The service keeps operational metadata for data workflows in a small API surface with typed routes, database migrations, test coverage, Docker support, and CI quality gates.

It is shaped as a lightweight operations layer for teams that need more than scattered logs but do not need a full observability platform. Pipelines can report run status and quality checks into the API, then operators can use the dashboard or metrics endpoints to see what needs attention first.

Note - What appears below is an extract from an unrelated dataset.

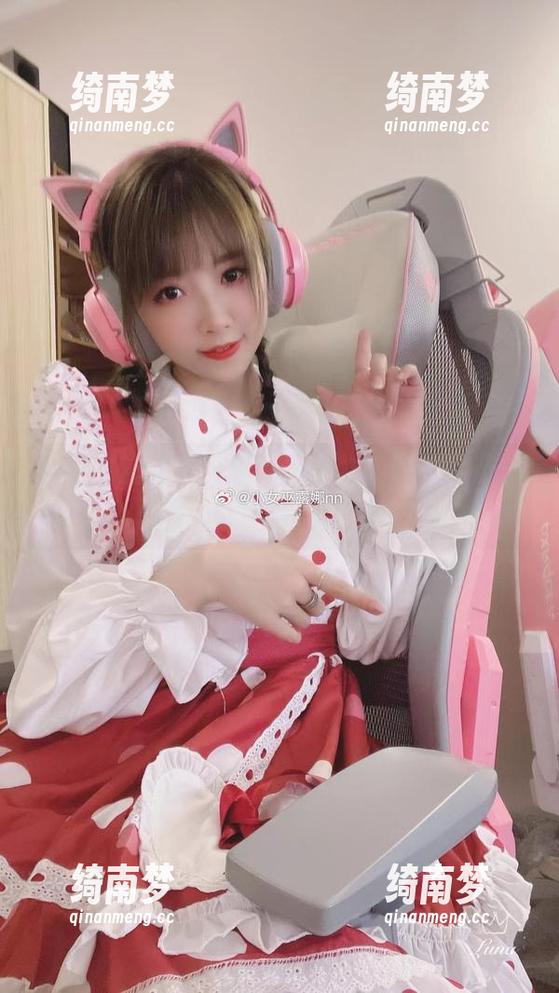小女巫露娜 免费欣赏小女巫露娜的网袜图册,沉浸于她的梦幻世界与时尚元素。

DataOps Operations Dashboard

Product Direction

Most pipeline monitoring tools stop at raw events, logs, or generic charts. This project is designed around the operator workflow:

  • one place to see current pipeline health
  • one response that combines run status, quality results, stale work, and recommended actions
  • a pipeline registry for owners, cadences, runbooks, and stale thresholds
  • a small dashboard that makes the API useful immediately after seeding sample data
  • integration-friendly endpoints for Airflow, dbt, cron jobs, GitHub Actions, or custom ETL scripts
  • optional API-key protection for ingestion writes when the service is exposed outside a local machine
  • webhook alerts for failed pipeline runs and quality checks that need operator attention
  • alert delivery audit history so operators can verify which receiver was notified
  • a codebase small enough for teams to adapt instead of adopting a heavy platform

See docs/integrations.md for copy-paste examples that report pipeline events from Python jobs, GitHub Actions, Airflow, and dbt.

Service Scope

  • FastAPI application structure with versioned API routes
  • SQLAlchemy 2.0 models and session management
  • Alembic database migrations
  • Pydantic request and response schemas
  • Service-layer functions separated from route handlers
  • Health checks with database connectivity
  • Pytest tests using dependency overrides and isolated SQLite state
  • Ruff, mypy, and GitHub Actions CI
  • Dockerfile and Compose setup for local service runs

Domain

The API tracks operational metadata for data workflows:

  • Pipeline registry: owner, source system, cadence, stale threshold, alert severity, runbook, and enabled status
  • Pipeline runs: source system, status, timing, records processed, and errors
  • Quality checks: check name, severity, status, expected value, observed value, and details
  • Summary metrics: run counts, stale active runs, failing quality checks, pipeline health, and severity rollups

Quick Start

python -m venv .venv
.\.venv\Scripts\Activate.ps1
python -m pip install --upgrade pip
python -m pip install -e ".[dev]"
Copy-Item .env.example .env
alembic upgrade head
python scripts/seed_sample_data.py
uvicorn app.main:app --reload

Open:

The seeded data creates a realistic operating state with registered pipeline ownership, a successful pipeline, a failed historical run, a stale active run, quality checks, and recommended actions.

Integrations

The API is designed to receive events from pipeline tools instead of replacing them. Start with the examples in examples/integrations/:

  • python_reporter.py for cron jobs, notebooks, scheduled scripts, or custom ETL
  • github-actions-report.yml for CI-driven pipeline runs
  • airflow_dag.py for Airflow task reporting
  • dbt_run_results.py for turning dbt run results into quality checks

Full setup notes live in docs/integrations.md.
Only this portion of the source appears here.